Marine Life & Conservation

BLUE EARTH – Future Frogmen Podcast Series – Deep-Sea Stories From a Shadow Diver: a conversation with Richie Kohler



A series of conservation educational podcasts from Future Frogmen, introduced by Jeff Goodman.

Deep Sea Stories From a Shadow Diver: a conversation with Richie Kohler. 

This episode of the Blue Earth Podcast is a conversation with Richie Kohler. He’s an explorer, technical wreck diver, shipwreck historian, filmmaker, and author.

Richie was featured in Robert Kurson’s incredible book “Shadow Divers ”. It’s a thrilling true story about Richie and John Chatterton’s quest to identify the wreck of an unknown WWII German U-boat (submarine), 65 miles off the coast of New Jersey. They dedicated six years of their lives attempting to identify the wreck.

Richie has travelled the world and explored many deep wrecks, including the Andrea Doria, Titanic, and Britannic. He’s the author of “Mystery of The Last Olympian” about the Britannic.

Richard E Hyman Bio

Richard is the Chairman and President of Future Frogmen.
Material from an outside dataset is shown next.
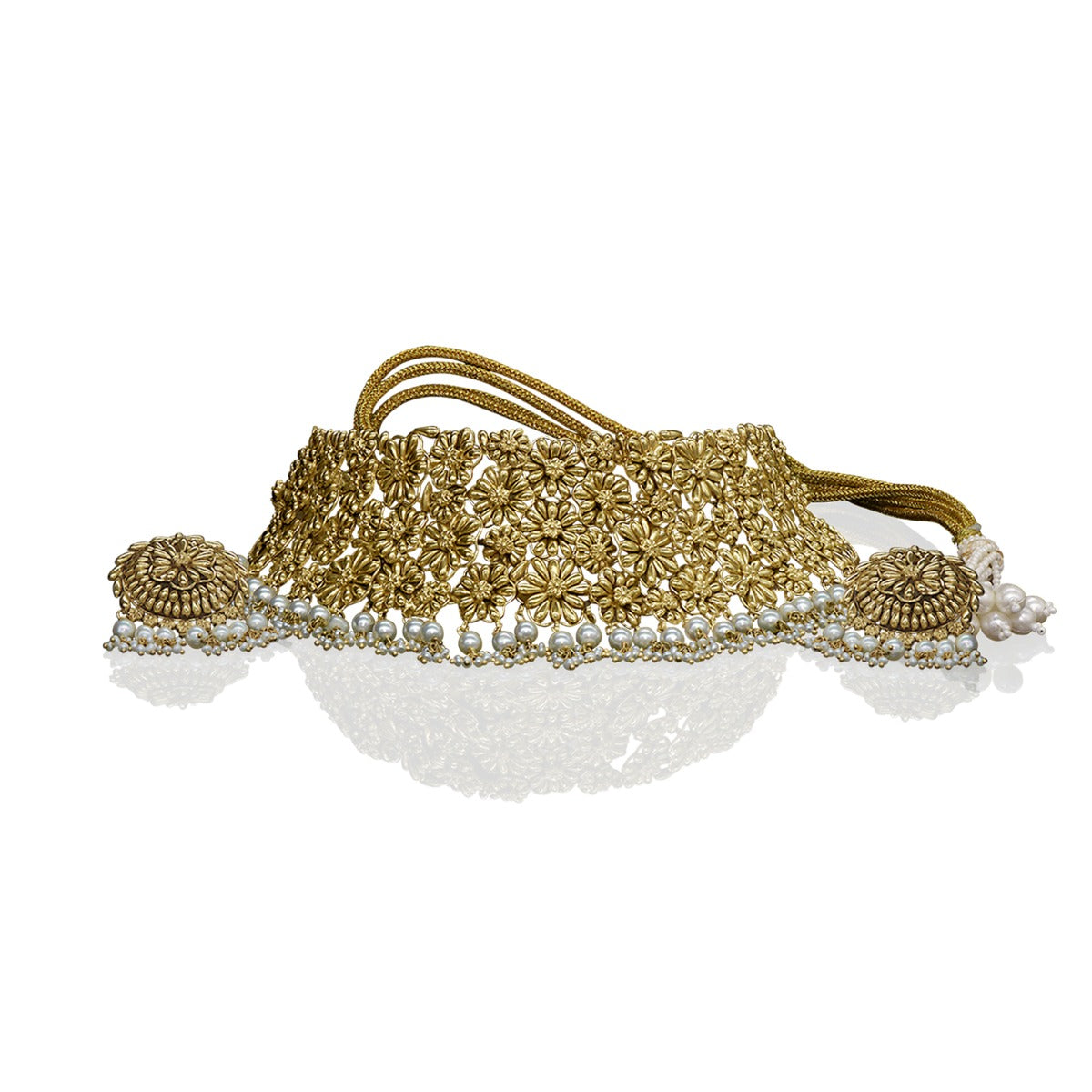 Spring Floral Gold Choker Set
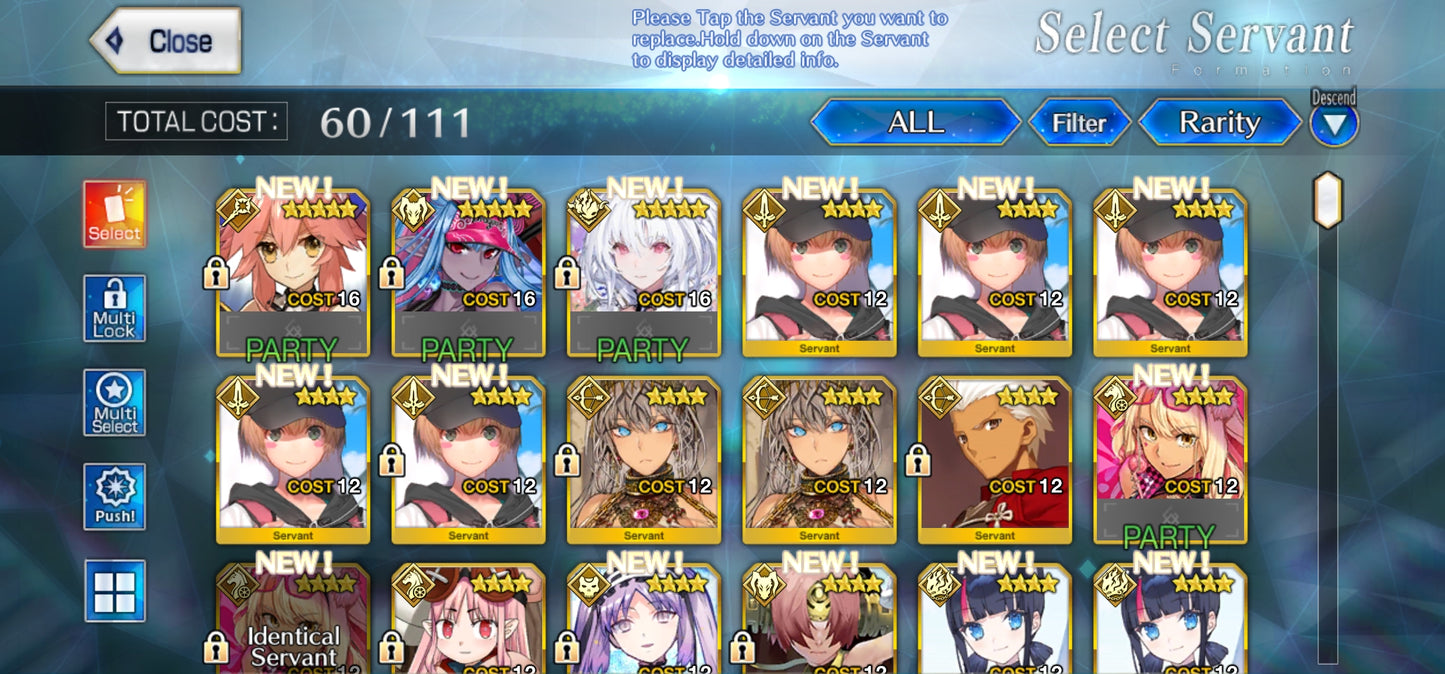 Ftgo Global✨965+ Saint Quartz💎|#4 Lady Avalon + Ibuki Douji (Berserker) + Tamamo no Mae | Cuenta Avanzada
Born from mentoring and love of the ocean, Richard is developing an impactful non-profit organization. His memoir, FROGMEN, details expeditions aboard Jacques-Yves Cousteau’s famed ship Calypso.

Future Frogmen, Inc. is a nonprofit organization and public charity that works to improve ocean health by deepening the connection between people and nature. They foster ocean ambassadors and future leaders to protect the ocean by accomplishing five objectives.

You can find more episodes and information at and on most social platforms @futurefrogmen.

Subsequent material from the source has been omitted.